No. The questions I’m getting now are different. Basically, they go like this:
“I’m a Producer (or QA person or Audio person). Is there a place for me in the program or do I have to be a programmer, designer or artist, as the application form implies?”
The answer to that isn’t a simple one, though you’d think it would be. Here’s as simple as I can make it:
Everyone in the program has to be able to contribute in a hands-on way to the development of a game, from start to finish. No one is going to play the role of Producer or Game Director from the start of the course to the end of it. Those roles and responsibilities will rotate, so everyone gets a chance to lead at some point.

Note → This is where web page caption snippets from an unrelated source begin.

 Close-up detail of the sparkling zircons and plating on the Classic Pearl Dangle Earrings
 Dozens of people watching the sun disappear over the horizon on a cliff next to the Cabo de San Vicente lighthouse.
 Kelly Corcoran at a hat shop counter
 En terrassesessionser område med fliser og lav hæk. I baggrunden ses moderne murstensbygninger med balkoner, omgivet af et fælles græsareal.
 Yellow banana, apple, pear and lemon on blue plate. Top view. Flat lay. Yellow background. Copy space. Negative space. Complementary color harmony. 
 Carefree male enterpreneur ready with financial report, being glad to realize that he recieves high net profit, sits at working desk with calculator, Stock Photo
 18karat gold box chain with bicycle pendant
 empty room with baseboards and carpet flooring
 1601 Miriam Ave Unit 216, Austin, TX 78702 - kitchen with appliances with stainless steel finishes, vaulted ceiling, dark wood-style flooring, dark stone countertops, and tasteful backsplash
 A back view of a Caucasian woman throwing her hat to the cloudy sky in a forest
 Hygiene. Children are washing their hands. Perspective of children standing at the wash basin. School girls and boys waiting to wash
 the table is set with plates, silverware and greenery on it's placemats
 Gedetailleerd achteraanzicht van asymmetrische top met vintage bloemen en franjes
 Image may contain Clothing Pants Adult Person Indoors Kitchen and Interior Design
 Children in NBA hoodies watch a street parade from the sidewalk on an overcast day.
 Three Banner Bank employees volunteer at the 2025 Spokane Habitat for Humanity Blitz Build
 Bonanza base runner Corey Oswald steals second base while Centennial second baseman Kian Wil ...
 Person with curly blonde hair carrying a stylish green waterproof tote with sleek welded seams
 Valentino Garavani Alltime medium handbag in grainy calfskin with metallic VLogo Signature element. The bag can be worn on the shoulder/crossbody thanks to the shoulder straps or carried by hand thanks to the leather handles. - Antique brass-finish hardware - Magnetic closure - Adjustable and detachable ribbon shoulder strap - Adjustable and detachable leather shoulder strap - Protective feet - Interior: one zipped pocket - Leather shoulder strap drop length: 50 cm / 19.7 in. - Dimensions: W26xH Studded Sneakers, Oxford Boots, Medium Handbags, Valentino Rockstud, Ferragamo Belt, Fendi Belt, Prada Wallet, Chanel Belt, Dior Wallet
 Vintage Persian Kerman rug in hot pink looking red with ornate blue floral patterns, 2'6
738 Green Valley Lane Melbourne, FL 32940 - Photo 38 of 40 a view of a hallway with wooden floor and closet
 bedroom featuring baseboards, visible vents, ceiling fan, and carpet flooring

That means there will be days, probably weeks, when you won’t be leading the team, no matter how good you might be at that. The question you have to answer is, “what will I do on the team when I’m not leading it?”
I don’t have a good answer to that question for people who “only” produce or “only” test or “only” generate sounds and produce music. That isn’t to say answers don’t exist – just that neither I nor anyone else has come up with the answers yet.
To be clear, I’m as annoyed by this as some applicants probably are (or will be). I think it’s a little nuts to turn away people who are Producers or Directors from a program designed to train Producers and Directors! Still, if 20 people are going to learn to lead, they all need the opportunity to lead – we can’t have two people learn to lead while the other 18 do the “real” work of making the game.
So, right now, I’d say if you’re “just” a Producer or master of some other non-hands-on, day-to-day skill, start thinking about what you’ll do on your non-leader days. Convince me that justifies your inclusion in the program. I don’t want to rule anything or anyone out, but someone who can’t contribute on a daily basis is going to have a rough time of it.